*Task statement*
Exact reproduction of the listing is required. Pictures are not reproduced.

*Recorded data*
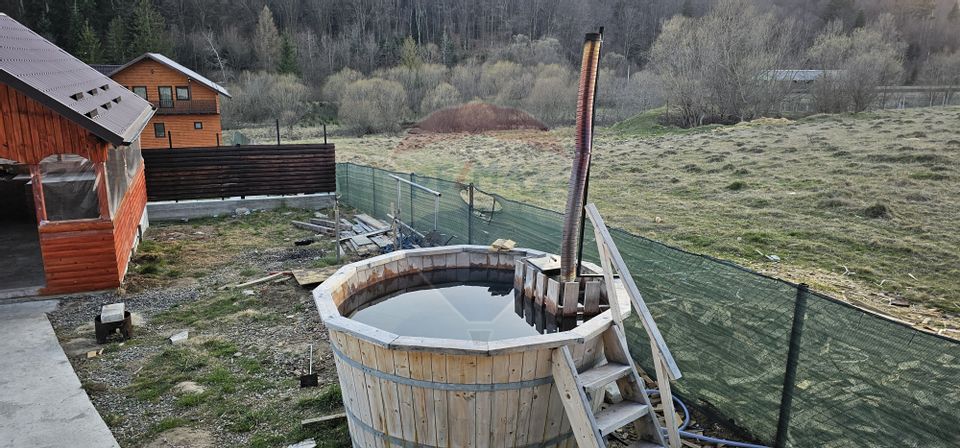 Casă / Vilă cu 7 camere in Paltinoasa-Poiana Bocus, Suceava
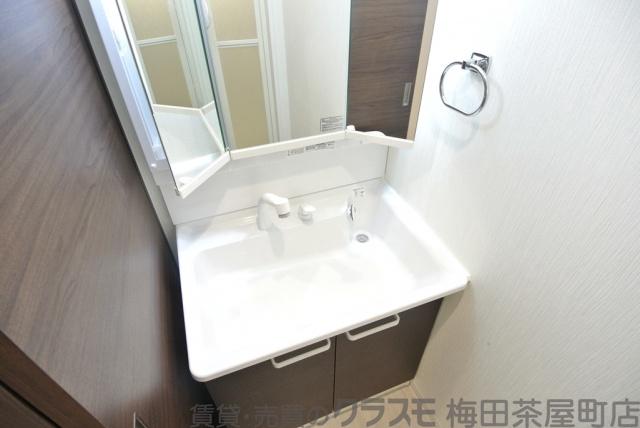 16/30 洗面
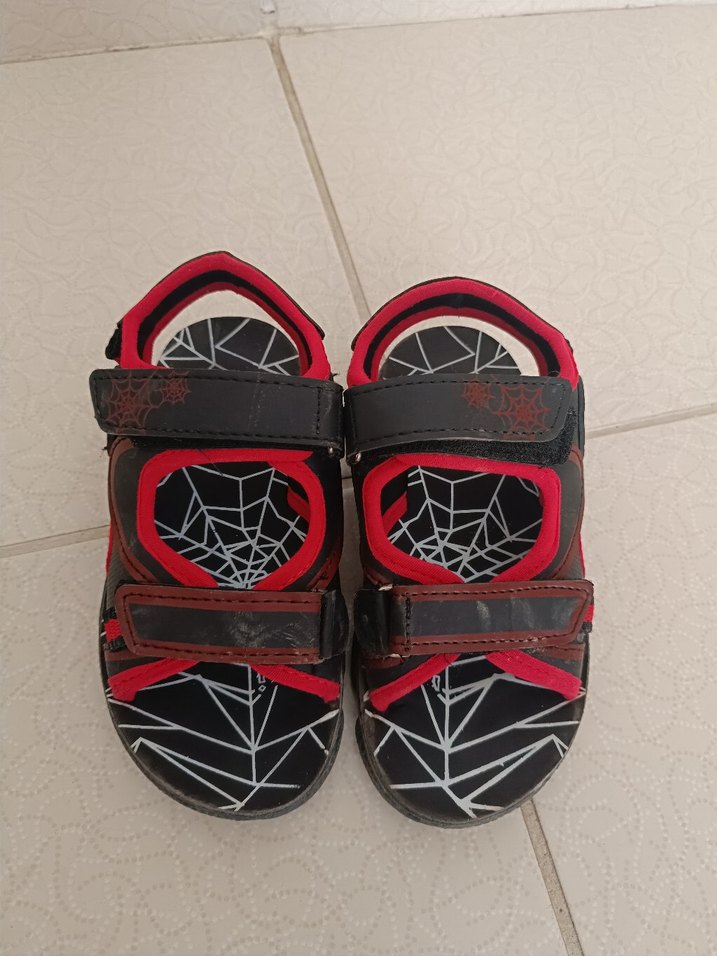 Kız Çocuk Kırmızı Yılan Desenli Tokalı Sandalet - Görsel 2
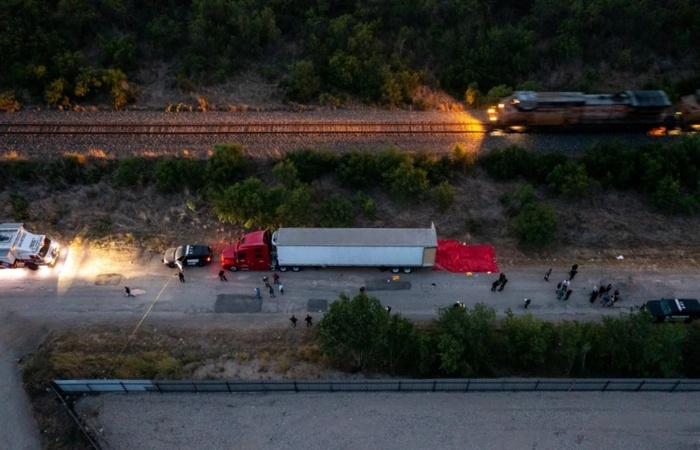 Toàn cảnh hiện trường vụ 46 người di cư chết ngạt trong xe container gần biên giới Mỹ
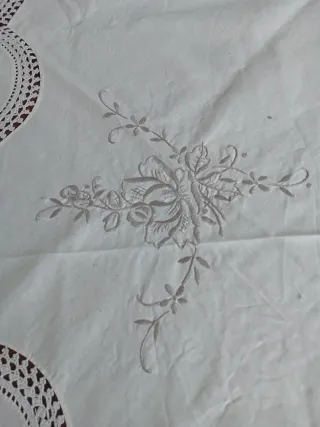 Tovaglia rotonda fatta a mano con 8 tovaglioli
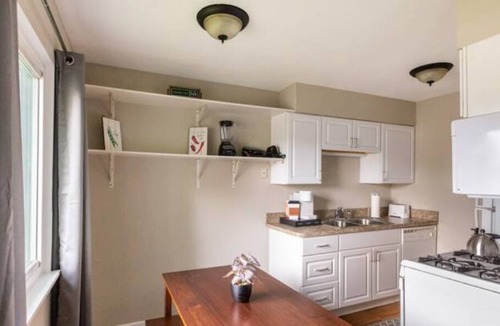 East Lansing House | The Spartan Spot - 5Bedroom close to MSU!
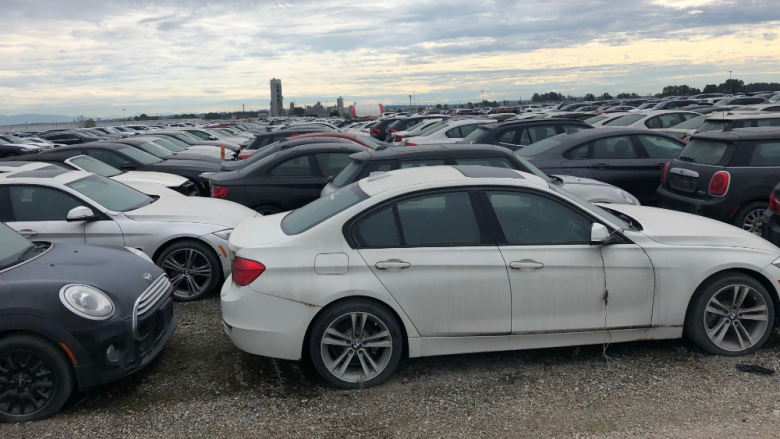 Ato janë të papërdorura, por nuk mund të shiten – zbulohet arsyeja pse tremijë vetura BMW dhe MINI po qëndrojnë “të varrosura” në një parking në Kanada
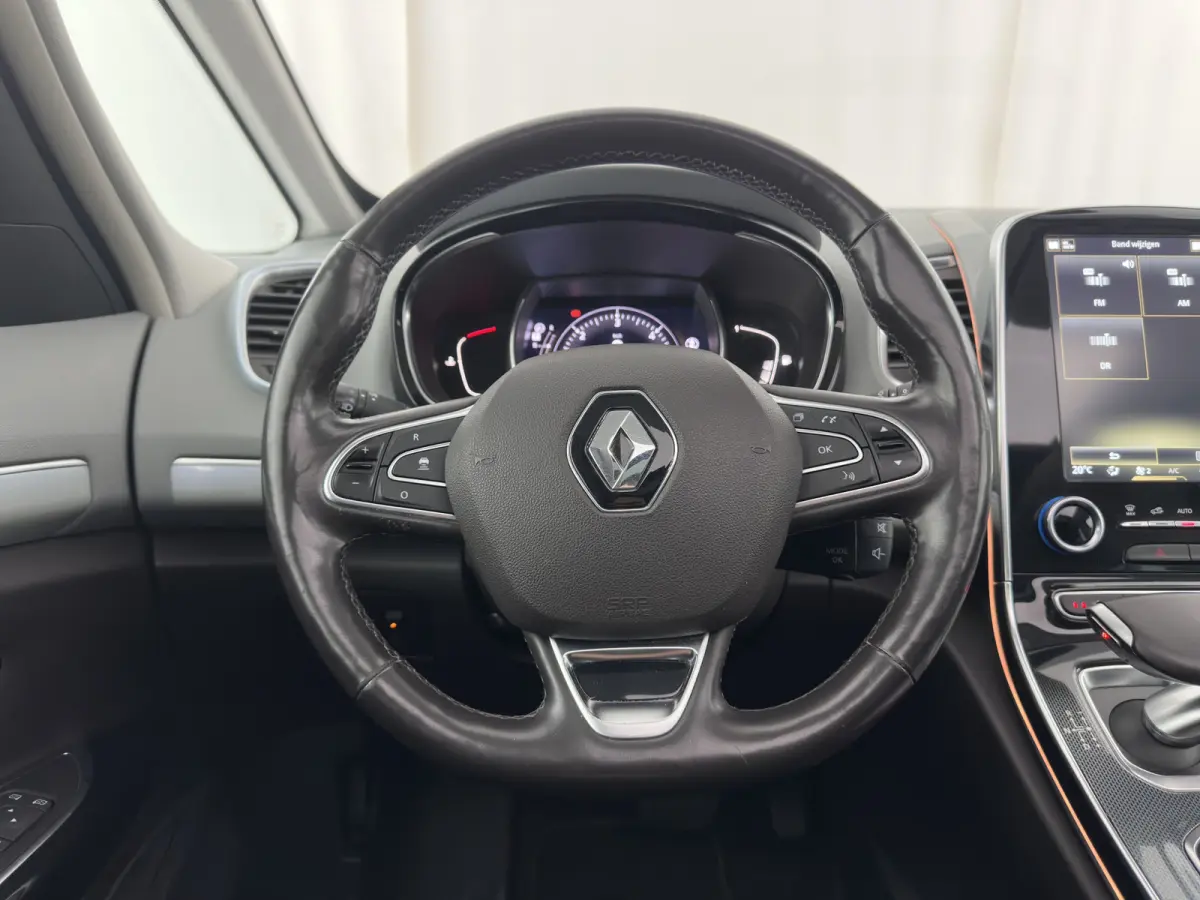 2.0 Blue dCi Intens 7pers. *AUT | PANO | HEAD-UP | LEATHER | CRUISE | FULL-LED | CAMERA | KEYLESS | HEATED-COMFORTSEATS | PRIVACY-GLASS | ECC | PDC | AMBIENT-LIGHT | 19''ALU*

*Solution to this task*
 Casă / Vilă cu 7 camere in Paltinoasa-Poiana Bocus, Suceava
 16/30 洗面
 Kız Çocuk Kırmızı Yılan Desenli Tokalı Sandalet - Görsel 2
 Toàn cảnh hiện trường vụ 46 người di cư chết ngạt trong xe container gần biên giới Mỹ
 Tovaglia rotonda fatta a mano con 8 tovaglioli
 East Lansing House | The Spartan Spot - 5Bedroom close to MSU!
 Ato janë të papërdorura, por nuk mund të shiten – zbulohet arsyeja pse tremijë vetura BMW dhe MINI po qëndrojnë “të varrosura” në një parking në Kanada
 2.0 Blue dCi Intens 7pers. *AUT | PANO | HEAD-UP | LEATHER | CRUISE | FULL-LED | CAMERA | KEYLESS | HEATED-COMFORTSEATS | PRIVACY-GLASS | ECC | PDC | AMBIENT-LIGHT | 19''ALU*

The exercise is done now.